TLDR;
My work is a mix of obervational and experimental methods. Traffic safety and road user behavior are underlying themes throughout my research, paired with an underlying question: How can the built environment support safe and fair mixed-traffic negotiations?

Pedestrian Exposure for Crash Prediction

Funded by: National Highway Traffic Safety Administration (NHTSA)

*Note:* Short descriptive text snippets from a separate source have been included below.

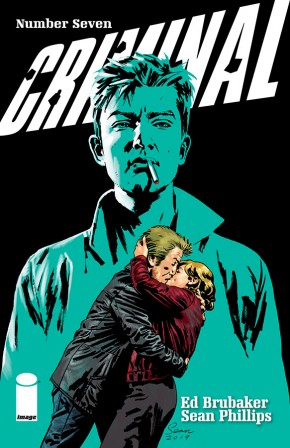 CRIMINAL #7 (2019 SERIES)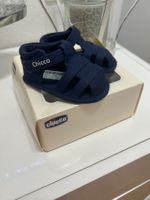 CHICCO SANDALEN NAVY NEU GR 17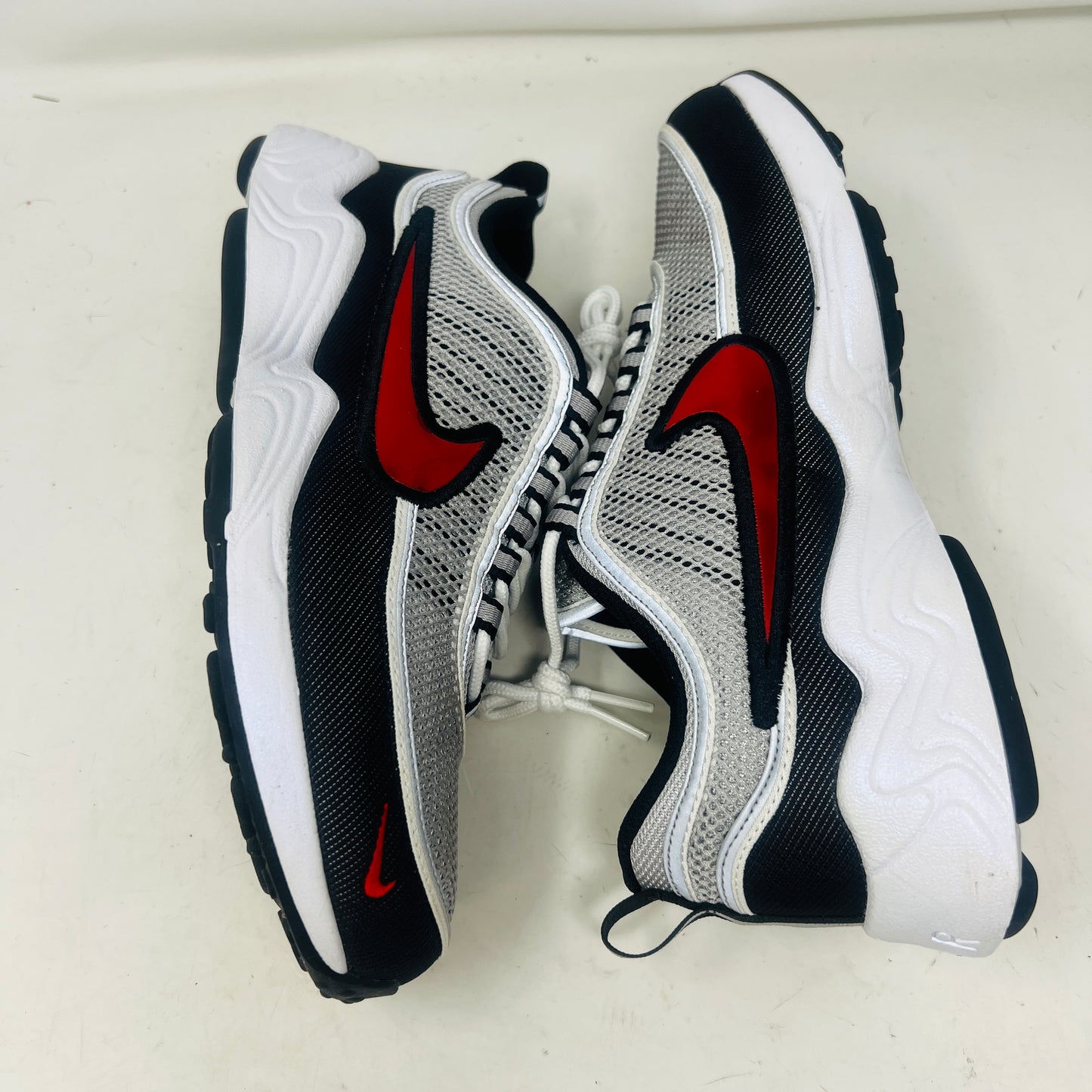 Nike Air Zoom Spiridon OG Sport Red (2024)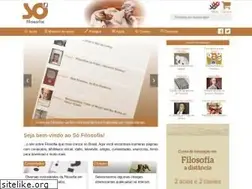 Sites similar to filosofia.com.br
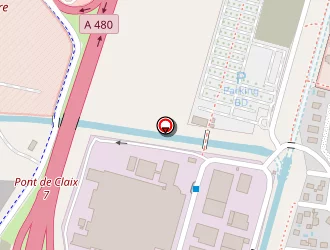 Carte de Lopez Et Fils à Pont-de-claix (le)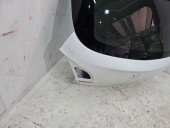 Haion Opel Corsa E [Fabr 2014-prezent] GAZ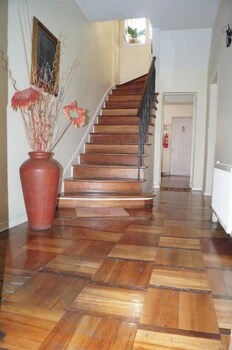 residencial metro republica santiago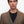 Twn Slim Fit Brown Dobby Suit Combination-D'S DAMAT ONLINE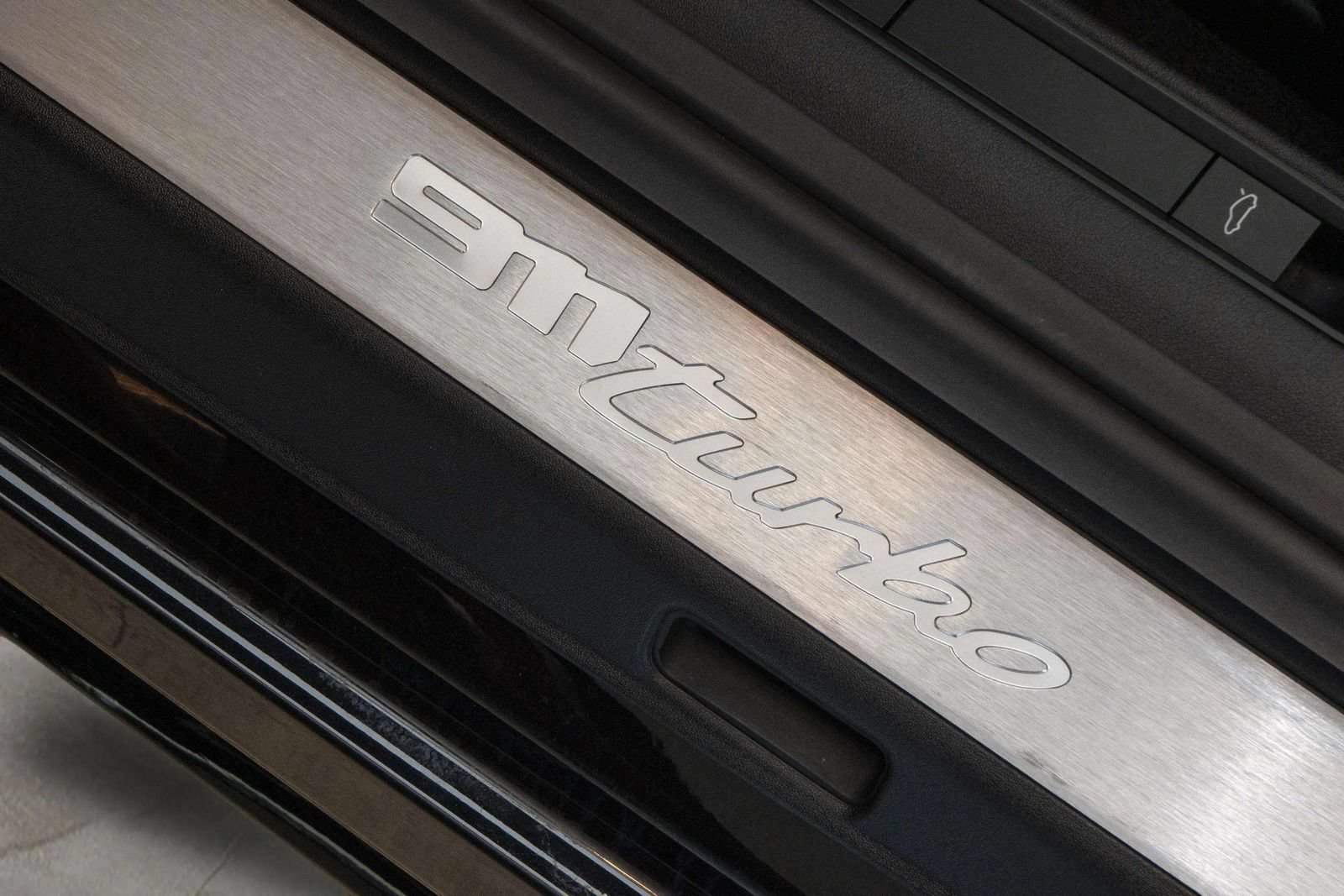 Used 2021 Porsche 911 Turbo AWD/4WD image 25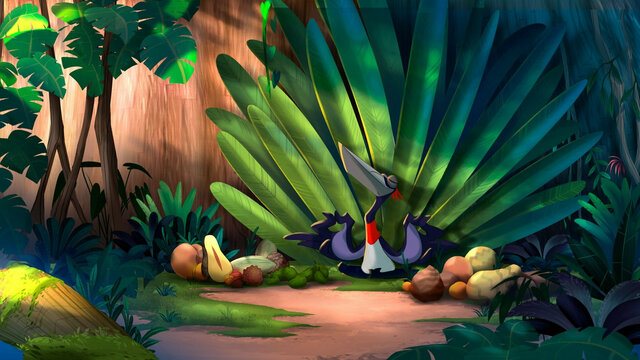 Превью трейлера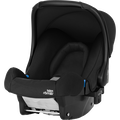 Britax BABY-SAFE Cosmos Black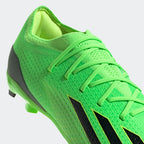 adidas X SpeedPortal.1 Firm Ground Cleats Kids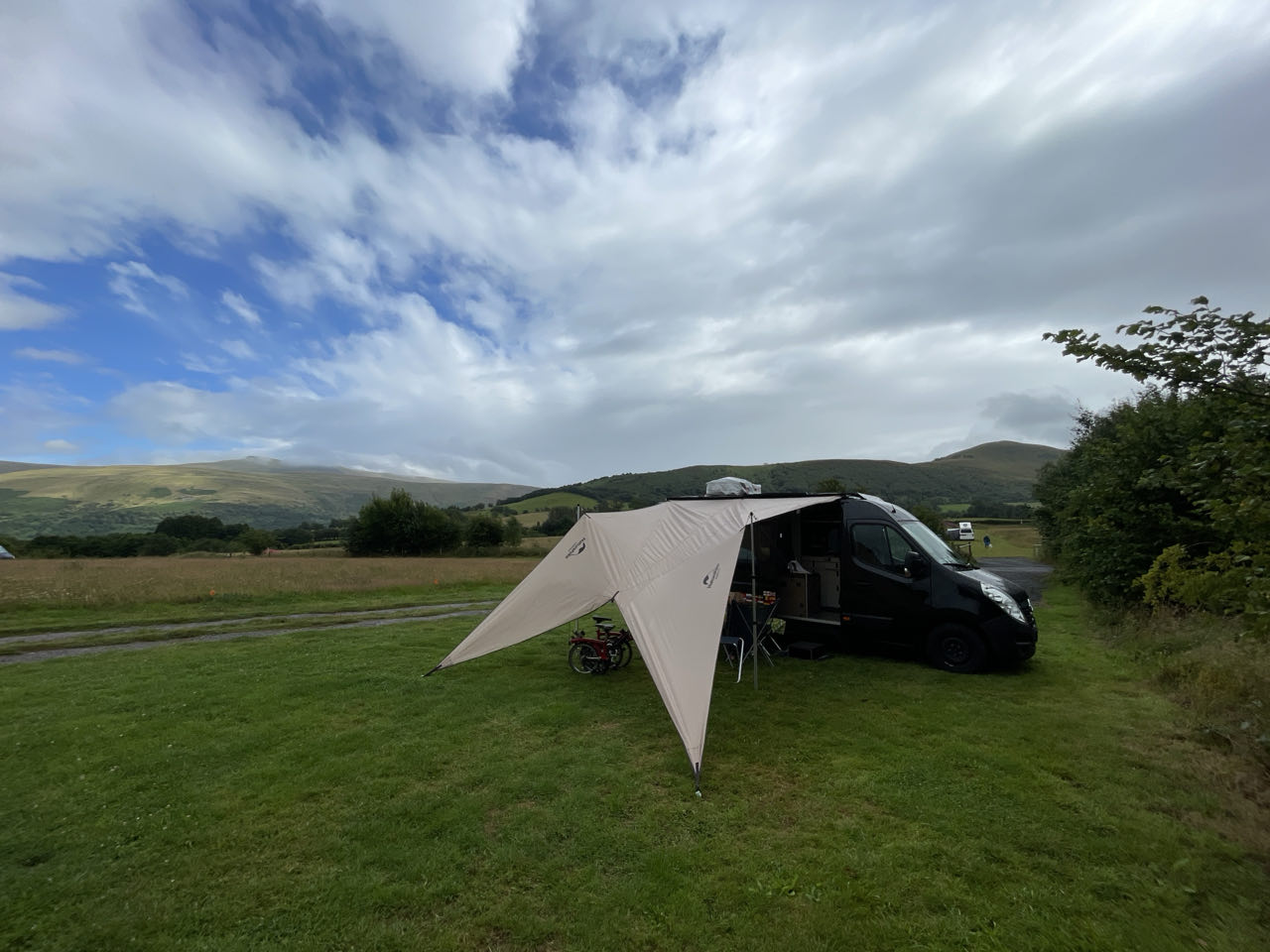 Glyn Tarell – Roadtrip Südengland und Wales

Abstract: Pedestrian safety in urban environments remains a critical challenge, with U.S. cities experiencing a dramatic 60% increase in pedestrian fatalities over the past decade. To address this crisis, we're developing more sophisticated crash prediction models that incorporate detailed measures of pedestrian exposure to environmental risk. Our approach focuses on tracking pedestrian path-planning behaviors within microenvironments and analyzing their relationship to vehicle crash incidents at intersections. By incorporating granular data about pedestrian activity levels and environmental factors, we aim to create more accurate predictions of collision risk. The rarity of pedestrian-vehicle crashes, while fortunate, presents a significant challenge for developing preventative measures. Our research addresses this by establishing robust geospatial estimates of pedestrian activity as a proxy measure for crash likelihood—acknowledging that areas with higher pedestrian activity naturally face increased crash potential. Through this work, we're advancing both the performance of intersection-level crash predictions and developing a systematic framework for analyzing prediction model misclassifications, ultimately contributing to the design of safer urban spaces.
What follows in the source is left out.